Art contemporain - Photographie

Paroles d’artiste

Jeff Wall : « On ne peut échapper à la présence de Cézanne »

Par Le Journal des Arts · Le Journal des Arts

Le 3 novembre 2006 - 743 mots

Invité par le Musée d’Orsay, dans le cadre de son programme Correspondances, Jeff Wall présente une image récente, Rear View, Open Air Theater (2005), une vue de l’arrière d’un vieux théâtre de Vancouver. Il y confronte Le Pont de Maincy (1879) de Paul Cézanne, ainsi que cinq petits clichés pris à Paris par Eugène Atget, entre 1898 et 1902. Parallèlement, il expose à Paris à la galerie Marian Goodman.

Pourquoi avez-vous choisi d’accrocher en face de votre image des œuvres de Cézanne et Atget ?
Quand Serge Lemoine [président du Musée d’Orsay] m’a invité, je ne parvenais pas vraiment à fixer mon attention sur quelque chose en particulier. Je voulais absolument éviter Manet, car mon travail lui a, un peu trop à mon goût, été associé. De plus, il m’est impossible de faire consciemment et directement une œuvre en relation avec une autre.  J’ai donc laissé passer un peu de temps en me disant qu’une idée viendrait. Des artistes comme Cézanne ou Atget sont toujours présents d’une manière ou d’une autre.

Vous avez donc fait votre photo en premier lieu…
J’ai fait la photo du théâtre complètement par accident. Parce que ce n’était pas prémédité, la relation est meilleure, plus intéressante, plus directe. J’ai cherché un Cézanne approprié, avec une résonance visuelle. Le Pont de Maincy a justement une forme curviligne et un rocher qui font écho à mon image. Concernant Atget, j’ai choisi des photos représentant des immeubles isolés, vus à distance, parce que j’ai fait des photos d’un genre similaire. J’ai évité les clichés les plus célèbres.

Avez-vous une relation privilégiée à Cézanne ?
N’importe quel artiste sérieux a une relation avec Cézanne ! Vous ne pouvez pas échapper à sa présence, et je ne le souhaite pas car j’admire son travail. J’aime la façon dont il est passionné par son sujet. Il tente de trouver un moyen de s’éloigner de ses propres émotions, afin de mieux peindre, plus au calme.

Dans votre image, souhaitiez-vous dépeindre une atmosphère particulière ?
Je n’ai pensé à aucun événement, j’ai juste trouvé. Comme toute photo documentaire, c’est une découverte. Je n’ai rien fait, à la différence de mes images « cinématographiques », une catégorie où j’ai besoin de beaucoup de collaborations. L’aspect documentaire de mon travail se compose juste de photos prises dans le monde réel sans rien y ajouter. J’aime faire les deux et je pense qu’elles croisent des influences entre elles.
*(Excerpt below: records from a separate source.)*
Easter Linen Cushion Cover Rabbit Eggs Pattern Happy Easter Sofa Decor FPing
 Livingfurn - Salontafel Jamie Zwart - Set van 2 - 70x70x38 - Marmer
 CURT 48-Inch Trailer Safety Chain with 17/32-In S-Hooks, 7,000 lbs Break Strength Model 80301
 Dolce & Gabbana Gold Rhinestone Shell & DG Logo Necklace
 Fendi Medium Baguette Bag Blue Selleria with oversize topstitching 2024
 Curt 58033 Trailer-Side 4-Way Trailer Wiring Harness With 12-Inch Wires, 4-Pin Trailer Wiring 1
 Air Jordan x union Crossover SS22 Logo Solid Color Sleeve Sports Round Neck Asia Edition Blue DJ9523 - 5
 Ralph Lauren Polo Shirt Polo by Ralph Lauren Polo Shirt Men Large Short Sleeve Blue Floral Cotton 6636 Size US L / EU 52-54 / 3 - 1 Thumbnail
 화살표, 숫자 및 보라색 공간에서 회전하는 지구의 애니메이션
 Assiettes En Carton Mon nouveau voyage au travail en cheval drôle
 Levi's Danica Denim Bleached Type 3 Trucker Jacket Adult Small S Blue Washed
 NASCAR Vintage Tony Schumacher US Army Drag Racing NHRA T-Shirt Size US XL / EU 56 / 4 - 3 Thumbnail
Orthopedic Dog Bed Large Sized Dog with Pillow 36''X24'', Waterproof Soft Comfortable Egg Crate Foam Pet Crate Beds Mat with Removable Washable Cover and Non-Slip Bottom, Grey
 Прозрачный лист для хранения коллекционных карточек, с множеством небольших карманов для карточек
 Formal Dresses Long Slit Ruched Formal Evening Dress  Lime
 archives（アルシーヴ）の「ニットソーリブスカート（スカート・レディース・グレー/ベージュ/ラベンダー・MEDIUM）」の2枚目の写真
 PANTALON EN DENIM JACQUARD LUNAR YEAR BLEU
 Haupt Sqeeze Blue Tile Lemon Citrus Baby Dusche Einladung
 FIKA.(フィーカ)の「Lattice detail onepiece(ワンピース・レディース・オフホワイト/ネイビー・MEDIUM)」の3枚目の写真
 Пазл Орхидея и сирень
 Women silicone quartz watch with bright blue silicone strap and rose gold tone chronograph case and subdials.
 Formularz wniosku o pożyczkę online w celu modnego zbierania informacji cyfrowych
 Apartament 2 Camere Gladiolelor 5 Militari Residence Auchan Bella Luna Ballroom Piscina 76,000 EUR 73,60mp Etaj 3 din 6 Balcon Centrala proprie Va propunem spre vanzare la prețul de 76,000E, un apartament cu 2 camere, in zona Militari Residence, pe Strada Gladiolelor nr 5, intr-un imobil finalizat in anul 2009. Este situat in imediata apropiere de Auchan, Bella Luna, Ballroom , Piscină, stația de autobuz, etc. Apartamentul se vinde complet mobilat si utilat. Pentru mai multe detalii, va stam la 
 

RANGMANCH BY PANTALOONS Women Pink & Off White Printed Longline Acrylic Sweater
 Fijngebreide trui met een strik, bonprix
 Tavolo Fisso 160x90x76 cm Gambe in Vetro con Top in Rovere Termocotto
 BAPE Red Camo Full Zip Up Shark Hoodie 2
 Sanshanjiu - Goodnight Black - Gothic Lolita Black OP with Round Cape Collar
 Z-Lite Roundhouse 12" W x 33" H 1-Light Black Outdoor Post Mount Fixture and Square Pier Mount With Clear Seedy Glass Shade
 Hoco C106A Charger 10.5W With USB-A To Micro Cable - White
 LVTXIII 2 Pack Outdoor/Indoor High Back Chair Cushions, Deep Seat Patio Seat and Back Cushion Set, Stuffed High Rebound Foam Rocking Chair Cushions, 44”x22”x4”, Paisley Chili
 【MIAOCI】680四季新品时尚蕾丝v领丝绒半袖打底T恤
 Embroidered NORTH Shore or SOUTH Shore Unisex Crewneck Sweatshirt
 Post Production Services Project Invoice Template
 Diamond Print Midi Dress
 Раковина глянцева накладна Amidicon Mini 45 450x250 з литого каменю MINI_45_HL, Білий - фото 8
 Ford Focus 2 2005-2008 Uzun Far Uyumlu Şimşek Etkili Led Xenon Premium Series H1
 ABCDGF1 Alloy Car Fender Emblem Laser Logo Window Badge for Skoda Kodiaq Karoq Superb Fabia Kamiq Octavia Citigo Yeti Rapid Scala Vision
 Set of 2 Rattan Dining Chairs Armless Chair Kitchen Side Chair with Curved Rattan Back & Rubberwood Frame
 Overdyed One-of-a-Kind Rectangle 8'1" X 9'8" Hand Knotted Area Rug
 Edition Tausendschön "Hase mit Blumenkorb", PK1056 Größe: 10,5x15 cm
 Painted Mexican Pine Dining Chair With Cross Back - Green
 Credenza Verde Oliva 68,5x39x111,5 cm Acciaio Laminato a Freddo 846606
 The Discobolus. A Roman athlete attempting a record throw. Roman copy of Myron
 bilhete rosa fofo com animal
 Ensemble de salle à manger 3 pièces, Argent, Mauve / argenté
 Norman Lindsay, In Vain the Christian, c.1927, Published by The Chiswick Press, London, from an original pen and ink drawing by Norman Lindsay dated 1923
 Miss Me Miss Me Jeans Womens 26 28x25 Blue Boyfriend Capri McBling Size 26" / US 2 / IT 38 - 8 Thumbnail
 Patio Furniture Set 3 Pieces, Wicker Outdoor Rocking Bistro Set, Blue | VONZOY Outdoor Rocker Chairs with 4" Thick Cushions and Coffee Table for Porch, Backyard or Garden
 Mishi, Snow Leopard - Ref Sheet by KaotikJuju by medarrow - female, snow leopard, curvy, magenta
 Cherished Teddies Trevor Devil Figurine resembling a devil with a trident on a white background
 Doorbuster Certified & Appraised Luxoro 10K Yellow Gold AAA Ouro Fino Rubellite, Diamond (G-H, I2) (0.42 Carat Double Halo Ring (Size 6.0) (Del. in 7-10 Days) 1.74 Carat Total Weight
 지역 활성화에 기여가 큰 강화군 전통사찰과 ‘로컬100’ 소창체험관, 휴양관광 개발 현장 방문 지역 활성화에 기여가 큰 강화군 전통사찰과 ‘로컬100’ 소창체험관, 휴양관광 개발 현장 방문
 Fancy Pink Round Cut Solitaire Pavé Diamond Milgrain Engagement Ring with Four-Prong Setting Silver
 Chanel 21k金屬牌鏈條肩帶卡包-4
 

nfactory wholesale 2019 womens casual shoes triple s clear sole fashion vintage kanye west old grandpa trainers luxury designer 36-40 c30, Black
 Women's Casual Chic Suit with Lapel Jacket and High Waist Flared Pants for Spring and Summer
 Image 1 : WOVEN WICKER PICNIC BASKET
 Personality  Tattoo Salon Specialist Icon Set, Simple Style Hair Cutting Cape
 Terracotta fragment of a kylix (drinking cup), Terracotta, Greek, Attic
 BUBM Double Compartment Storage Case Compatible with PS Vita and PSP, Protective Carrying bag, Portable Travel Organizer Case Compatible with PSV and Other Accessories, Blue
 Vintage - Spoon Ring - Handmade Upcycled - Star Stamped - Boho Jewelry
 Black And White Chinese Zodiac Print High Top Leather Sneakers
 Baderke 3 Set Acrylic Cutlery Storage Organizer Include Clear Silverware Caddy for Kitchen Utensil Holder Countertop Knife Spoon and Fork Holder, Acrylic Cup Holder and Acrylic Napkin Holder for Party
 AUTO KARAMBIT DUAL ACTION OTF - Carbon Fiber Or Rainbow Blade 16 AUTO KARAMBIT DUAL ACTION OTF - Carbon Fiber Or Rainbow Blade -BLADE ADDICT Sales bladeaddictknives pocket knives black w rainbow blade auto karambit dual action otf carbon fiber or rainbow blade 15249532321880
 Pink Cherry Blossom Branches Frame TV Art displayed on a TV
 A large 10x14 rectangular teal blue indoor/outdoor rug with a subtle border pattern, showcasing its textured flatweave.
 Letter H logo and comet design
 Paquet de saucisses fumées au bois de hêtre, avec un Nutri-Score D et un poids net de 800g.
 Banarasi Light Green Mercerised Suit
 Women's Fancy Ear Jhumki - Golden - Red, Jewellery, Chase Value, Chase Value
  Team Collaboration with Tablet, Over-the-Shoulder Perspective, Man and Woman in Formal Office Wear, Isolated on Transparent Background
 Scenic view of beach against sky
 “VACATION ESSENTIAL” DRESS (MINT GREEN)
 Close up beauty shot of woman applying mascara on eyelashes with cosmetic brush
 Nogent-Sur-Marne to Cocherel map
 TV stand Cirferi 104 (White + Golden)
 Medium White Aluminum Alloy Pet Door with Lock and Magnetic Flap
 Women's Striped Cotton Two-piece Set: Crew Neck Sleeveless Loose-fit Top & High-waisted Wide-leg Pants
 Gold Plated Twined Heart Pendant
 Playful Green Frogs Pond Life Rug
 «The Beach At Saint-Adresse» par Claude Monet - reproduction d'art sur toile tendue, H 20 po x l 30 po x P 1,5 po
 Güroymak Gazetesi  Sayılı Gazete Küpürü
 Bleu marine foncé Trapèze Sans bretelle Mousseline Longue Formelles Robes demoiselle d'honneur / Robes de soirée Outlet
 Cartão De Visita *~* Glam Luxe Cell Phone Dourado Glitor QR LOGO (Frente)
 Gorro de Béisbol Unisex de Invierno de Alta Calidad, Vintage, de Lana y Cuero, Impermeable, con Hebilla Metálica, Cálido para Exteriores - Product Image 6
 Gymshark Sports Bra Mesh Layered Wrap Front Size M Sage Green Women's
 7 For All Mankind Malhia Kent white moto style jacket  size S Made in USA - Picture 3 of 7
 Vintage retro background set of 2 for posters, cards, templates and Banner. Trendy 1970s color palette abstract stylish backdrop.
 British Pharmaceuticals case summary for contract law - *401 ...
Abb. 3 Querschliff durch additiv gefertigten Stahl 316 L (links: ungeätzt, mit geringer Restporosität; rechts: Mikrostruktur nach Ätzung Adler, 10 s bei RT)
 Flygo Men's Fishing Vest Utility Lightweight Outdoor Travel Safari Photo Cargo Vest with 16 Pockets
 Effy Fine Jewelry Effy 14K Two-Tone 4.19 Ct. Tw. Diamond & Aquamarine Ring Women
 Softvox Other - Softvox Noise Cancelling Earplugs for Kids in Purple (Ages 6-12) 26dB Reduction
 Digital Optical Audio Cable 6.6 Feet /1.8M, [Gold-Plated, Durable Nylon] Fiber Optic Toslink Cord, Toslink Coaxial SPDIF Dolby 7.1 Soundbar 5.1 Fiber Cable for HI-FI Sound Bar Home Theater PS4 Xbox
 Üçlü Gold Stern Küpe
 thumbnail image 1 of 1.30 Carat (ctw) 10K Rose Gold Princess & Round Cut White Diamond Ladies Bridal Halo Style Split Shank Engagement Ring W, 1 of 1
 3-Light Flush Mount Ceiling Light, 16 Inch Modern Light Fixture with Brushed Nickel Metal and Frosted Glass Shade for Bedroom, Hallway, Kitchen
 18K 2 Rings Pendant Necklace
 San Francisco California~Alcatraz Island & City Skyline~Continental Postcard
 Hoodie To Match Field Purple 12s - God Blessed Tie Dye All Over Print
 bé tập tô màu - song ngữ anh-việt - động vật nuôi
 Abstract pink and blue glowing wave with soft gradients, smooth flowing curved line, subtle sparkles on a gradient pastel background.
Pourquoi ce théâtre revêt-il une importance au point d’en faire une si grande image ?
Ce n’est pas vraiment important. Si l’image est bonne, alors les choses acquièrent une signification. Le pont dans le tableau de Cézanne ne signifie rien pour moi, mais j’aime la manière dont il est peint. Je crois que le sujet est porté par l’image.

Diriez-vous que cette image a un contenu narratif ?
Pas vraiment. Je pense que chaque image contient certaines traces de contenu narratif simplement en étant des images. Je dois accepter ce contenu et travailler à travers lui. J’ai été de plus en plus intéressé par une sorte de dualité dans les images, entre une mince absence de la narration, ce qui est le cas ici, et une mince présence de la narration, ce qui est vrai pour beaucoup de mes autres images où quelque chose de très « faible » se passe. La présence et l’absence de narration offrent une ligne très stable que l’on peut traverser facilement, et parfois vous ne savez même pas que vous la traversez.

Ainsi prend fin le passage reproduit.